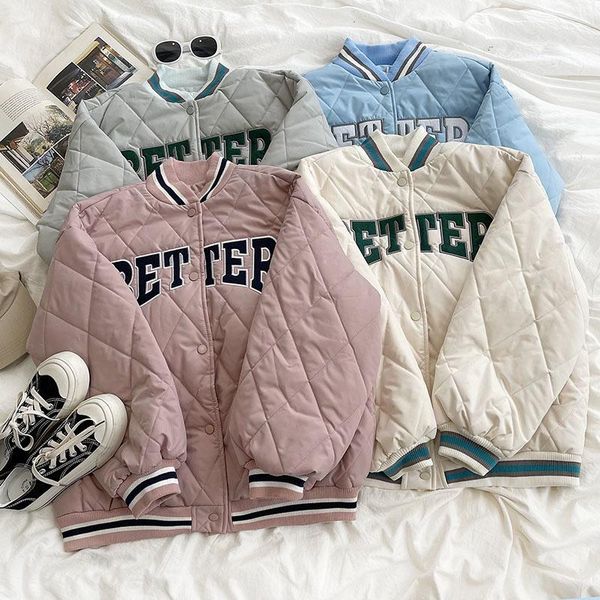 women's jackets fleece letter embroidery striped trim neck quilted bomber jacket, Black;brown
women's jackets fleece letter embroidery striped trim neck quilted bomber jacket, Black;brown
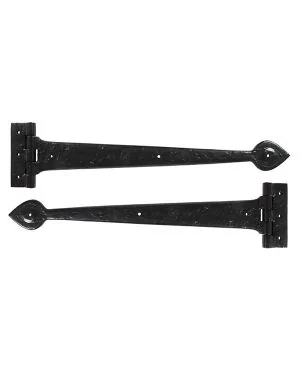 Black Textured 18" Cast T Hinge (pair)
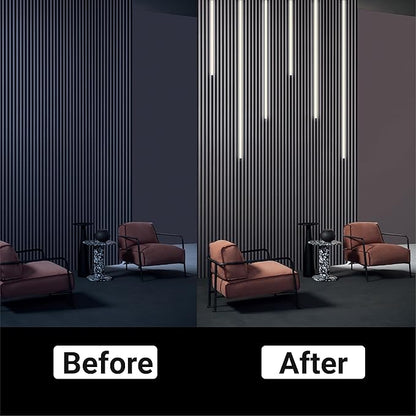 HAMRVL LED Recessed Lighting, Dimmable Self-Adhesive LED Strip Lights for Wood Slat Wall Panels, 6 PCS Warm White 3000k Wall Panel Lights, Wall LED Lights for Acoustic Panels,Headboard,Stair,Cabinets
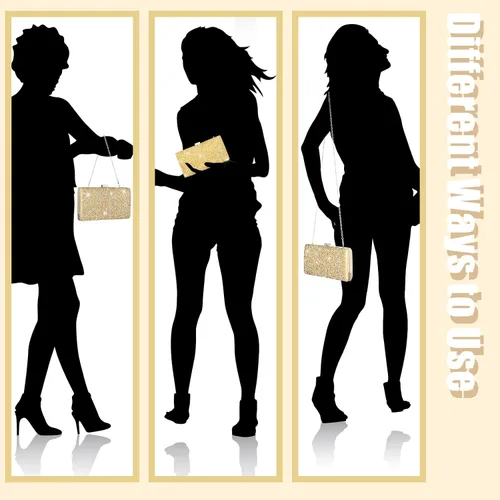 Vista 3 de Kigeli 4 piezas de diamantes de imitación para mujer, bolsa de embrague de noche, collar y pulsera para boda formal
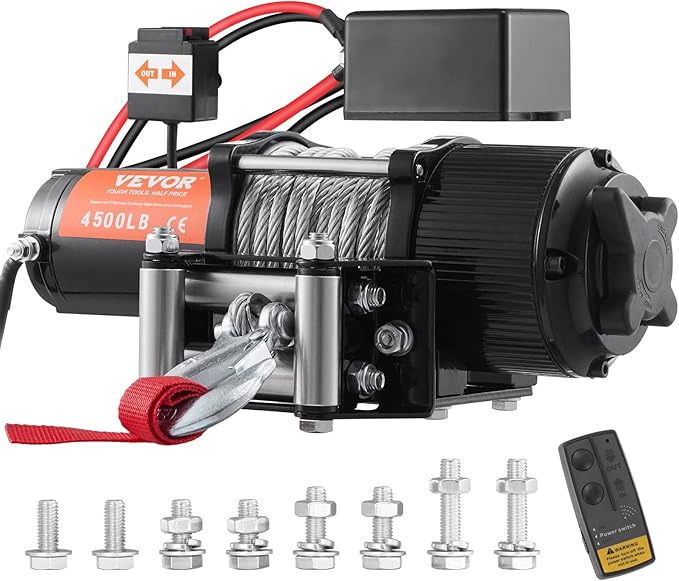 VEVOR Electric Winch, 12V 4500 lb Load Capacity Steel Rope Winch, IP55 1/4” x 39ft ATV UTV Winch with Wireless Handheld Remote & 4-Way Fairlead for Towing Jeep Off-Road SUV Truck Car Trailer Boat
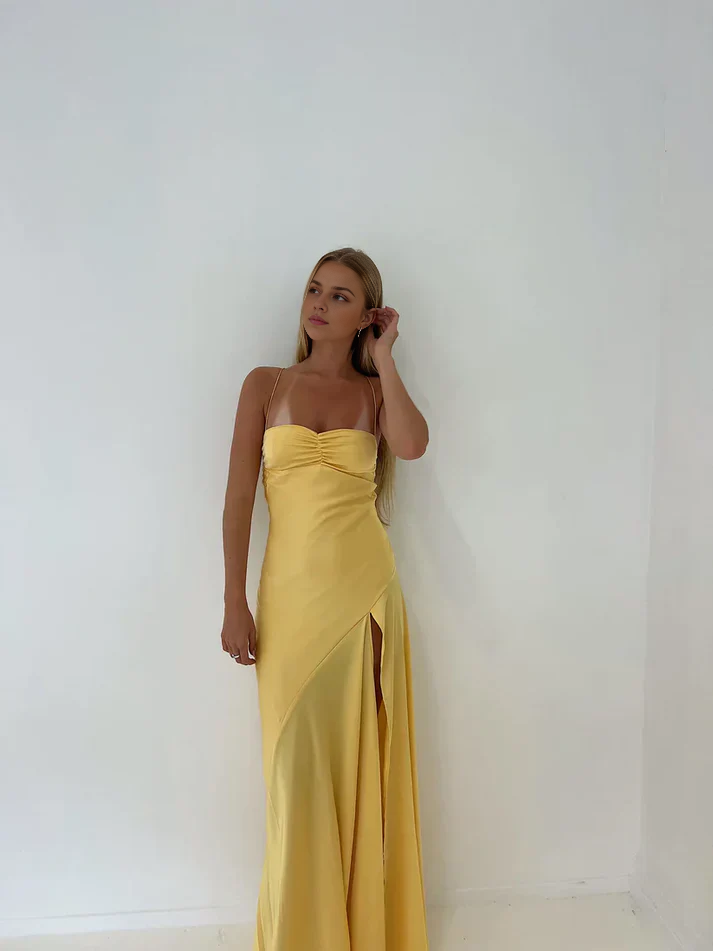 Aimishang Elegant Dresses Gowns Evening Dresses Spaghetti Straps Yellow Long Sheath Prom Dress With Slit Party Dress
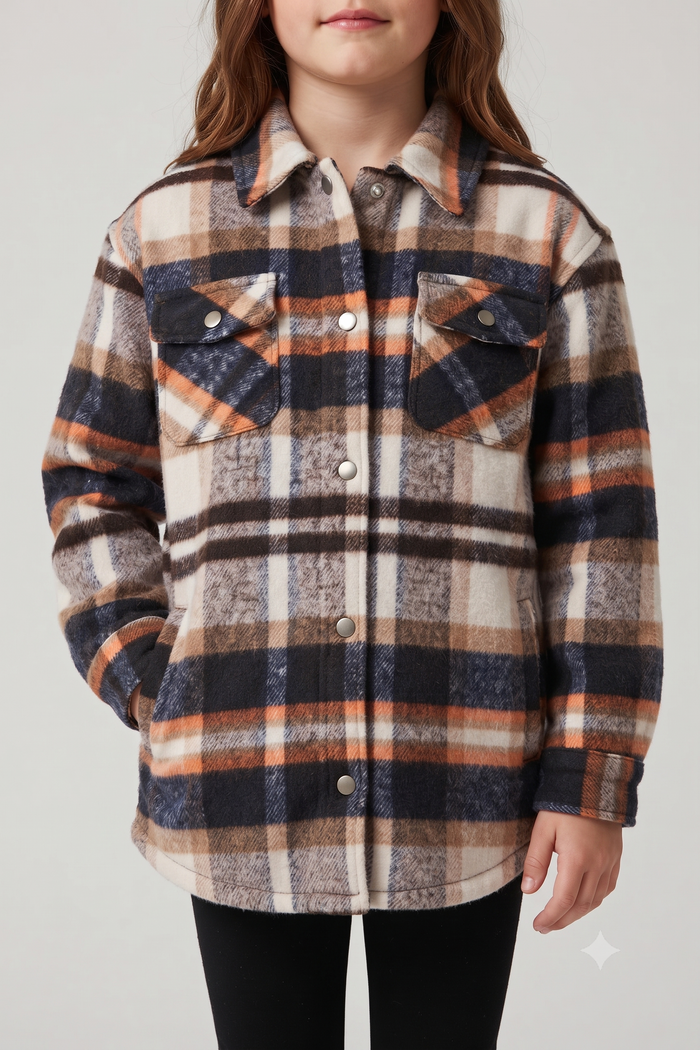 Kid's Shacket Topaz Plaid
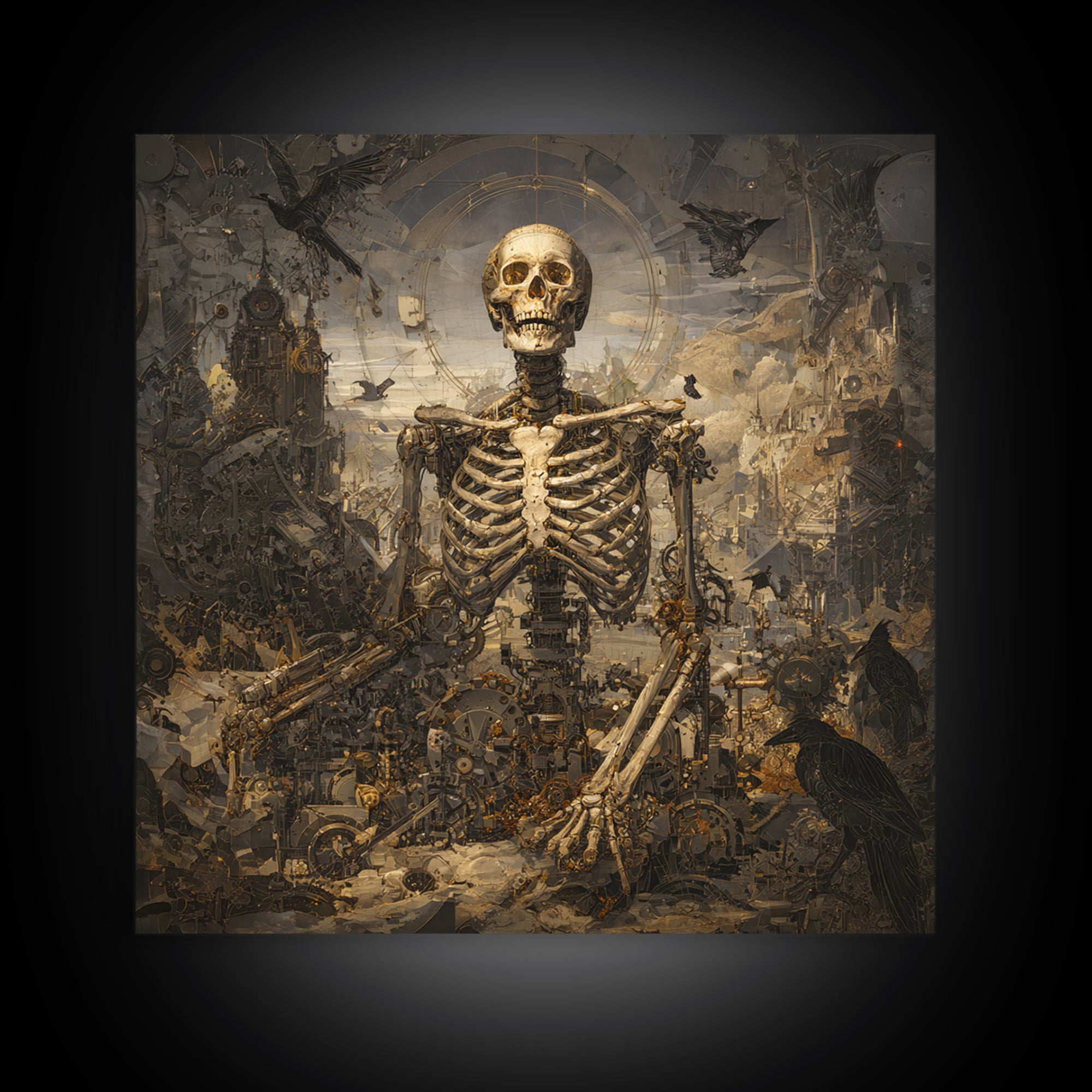 The Biomechanical Skeleton, Baroque Witchcraft Art, Square Wall Art, Dark Fantasy Wall Art, Framed Canvas Print, Halloween Wall Art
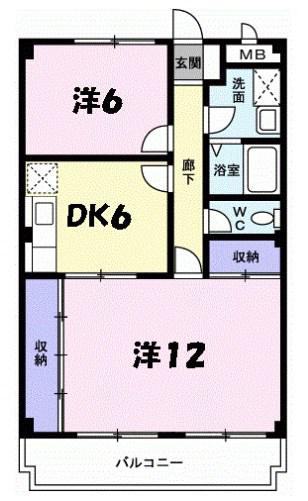 ウエストコートTANIGAMI(2DK/1階)の間取り写真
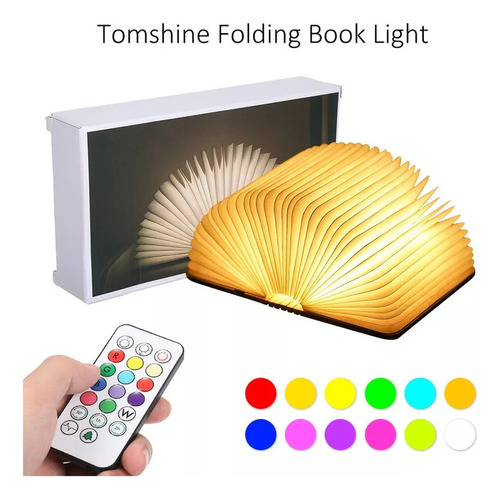 Tomshine Usb Recarregável Mini Folding Livro Luz 12 Cores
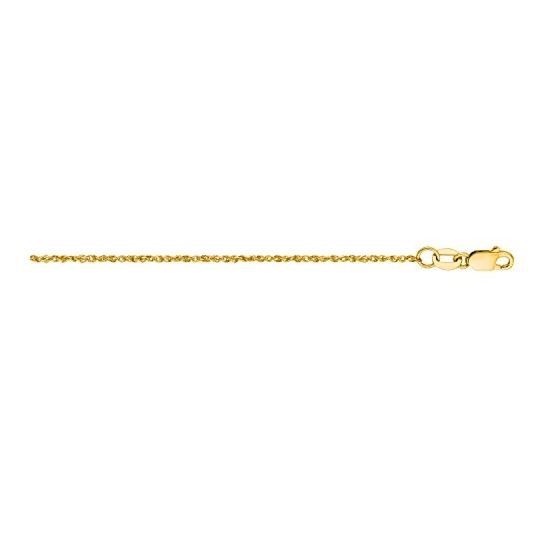 10K 16 inch long Yellow Gold 1.15mm wide Diamond Cut Ropa Chain with Spring Ring Clasp FJ-2Ropa-16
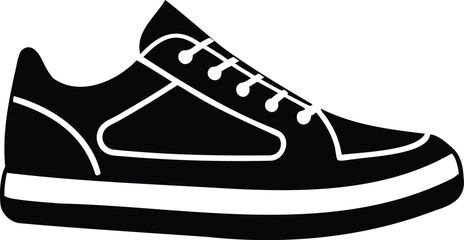 Black and White Graphic Silhouette of a Stylish Sneaker Illustration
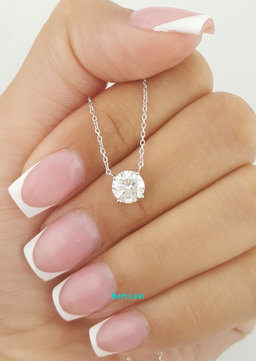 Natural Round Diamond Solitaire Necklace 1.01 ct 14K White Gold GIA Rtl $6,500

● Task goal
Print the material in full and exactly; the pictures must not be printed.

● Exercise response
 women's jackets fleece letter embroidery striped trim neck quilted bomber jacket, Black;brown
women's jackets fleece letter embroidery striped trim neck quilted bomber jacket, Black;brown
 Black Textured 18" Cast T Hinge (pair)
 HAMRVL LED Recessed Lighting, Dimmable Self-Adhesive LED Strip Lights for Wood Slat Wall Panels, 6 PCS Warm White 3000k Wall Panel Lights, Wall LED Lights for Acoustic Panels,Headboard,Stair,Cabinets
 Vista 3 de Kigeli 4 piezas de diamantes de imitación para mujer, bolsa de embrague de noche, collar y pulsera para boda formal
 VEVOR Electric Winch, 12V 4500 lb Load Capacity Steel Rope Winch, IP55 1/4” x 39ft ATV UTV Winch with Wireless Handheld Remote & 4-Way Fairlead for Towing Jeep Off-Road SUV Truck Car Trailer Boat
 Aimishang Elegant Dresses Gowns Evening Dresses Spaghetti Straps Yellow Long Sheath Prom Dress With Slit Party Dress
 Kid's Shacket Topaz Plaid
 The Biomechanical Skeleton, Baroque Witchcraft Art, Square Wall Art, Dark Fantasy Wall Art, Framed Canvas Print, Halloween Wall Art
 ウエストコートTANIGAMI(2DK/1階)の間取り写真
 Tomshine Usb Recarregável Mini Folding Livro Luz 12 Cores
 10K 16 inch long Yellow Gold 1.15mm wide Diamond Cut Ropa Chain with Spring Ring Clasp FJ-2Ropa-16
 Black and White Graphic Silhouette of a Stylish Sneaker Illustration
 Natural Round Diamond Solitaire Necklace 1.01 ct 14K White Gold GIA Rtl $6,500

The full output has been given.